Despite the fictional encounter in Schussele’s painting,
many writers of the period knew each other, often intimately,
or knew about each other. Many male writers came together
casually for drinking and dining in public houses, or formed
clubs, such as the Bread and Cheese Club and the Saturday
Club.
Although the United States expanded with the acquisitions
of Louisiana from France and the Southwest from Mexico, most
of the writers still read today lived their entire lives in
the original thirteen states. Improvements in transportation
and the expansion of urban areas changed the mental topography
of the country. By the 1850s, travel between major cities,
with the exception of San Francisco, which became an instant
metropolis in the Gold Rush of 1849, ceased to be hazardous.
As the country expanded, writers began
to look beyond the eastern seaboard for inspiration and subject
matter, yet they still looked mostly to the east for their
audiences.
While publishing centers developed along the eastern coastal
cities of New York, Philadelphia, and later Boston, the creation
of a national book-buying market for American literature was
long delayed. To earn a living, many literary writers contributed
columns and articles to newspapers or edited magazines. Though
writers often created characters who lived up to the myth
of Yankee individualism, other writers dismissed Americans
as intolerant conformists. Differences in social status,
such as gender and class, were not uniformly addressed by
all writers. Almost all major writers found themselves at
odds with Protestant Christianity, which exerted practical
control over what could be printed in books and magazines.
In the late 1830s and 1840s, Transcendentalism was treated
as a national laughingstock or a menace to organized religion
in most mainstream newspapers and magazines.
Although conservative Protestants were threatened by Transcendentalism
and other resistances to Christian doctrine, they were more
threatened by Catholic, Jewish, Asian, and Caribbean immigrants.
Refugees from the Napoleonic Wars, famine-struck Ireland,
and Jews fleeing the pogroms in Russia met with anti-immigration
propaganda and violence. The lives of thousands of immigrant
laborers from China, the Caribbean, Ireland, Germany, and
the Scandinavian countries were lost so that railroads could
be built quickly and cheaply.

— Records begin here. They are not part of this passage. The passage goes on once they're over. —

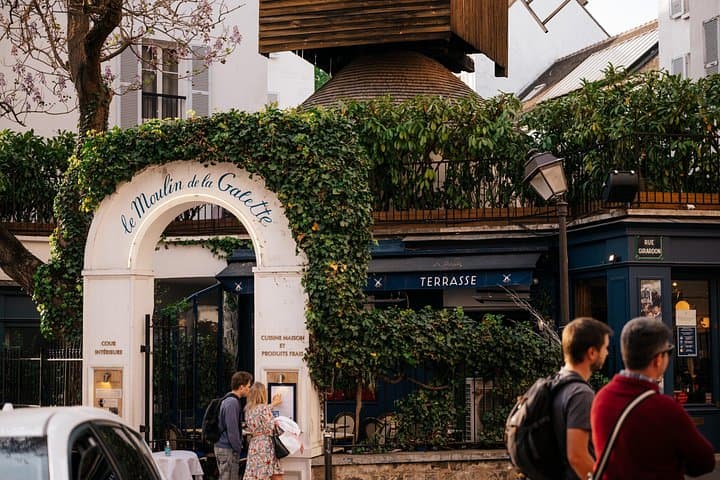 Private Tour of Montmartre in a Citroën Classic — photo 15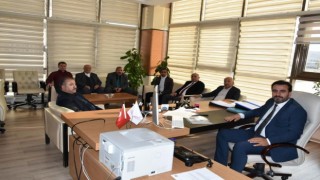Başkan Güngöralp: “Sağlık çalışanlarımız, insan hayatına saygıyı ifade etmektedir”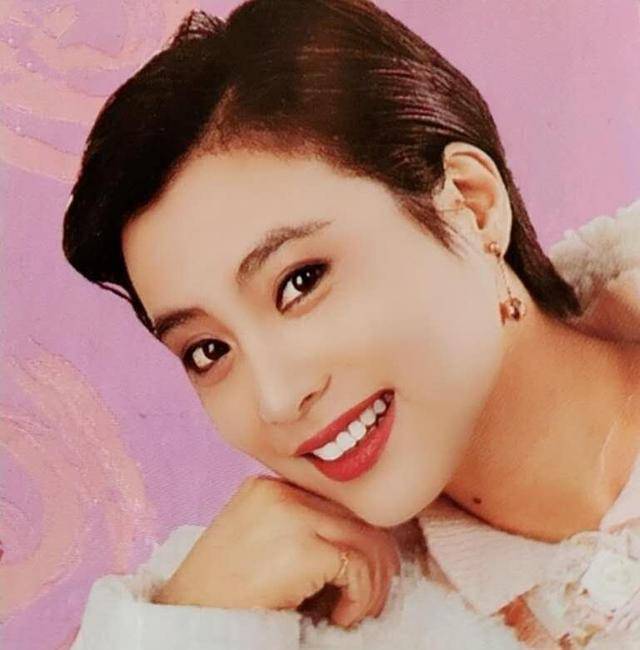 "甜歌皇后"李玲玉,分手后被人揶揄成"怨妇",如今依旧爱唱歌_专辑_胡平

In addition
to general xenophobia and anti-immigrant violence at the hands
of private citizens of the United States, the government itself
was responsible for “national sins” including
the near-genocide of Native Americans, the enslavement of
Africans and their descendants, and the staged “Executive
War” against Mexico, among others. While many
white writers actively opposed slavery, one of the most powerful
antislavery advocates was Frederick Douglass, who spoke and
wrote of his own enslavement.
Americans struggled to make sense of the profound political
and social changes in Europe after the French Revolution,
which had been inspired partly by the American Revolution.
Americans also struggled with advances in scientific knowledge.
Even before Charles Darwin published Origin of Species
in 1859, biologists were publishing evidence of plant
and animal evolution. Geologists presented evidence that challenged
chronologies of the universe established by religion. As
scientists ventured off to distant parts of the world to study
and conduct research, European countries and the United States
embarked on a ferocious quest for overseas colonies.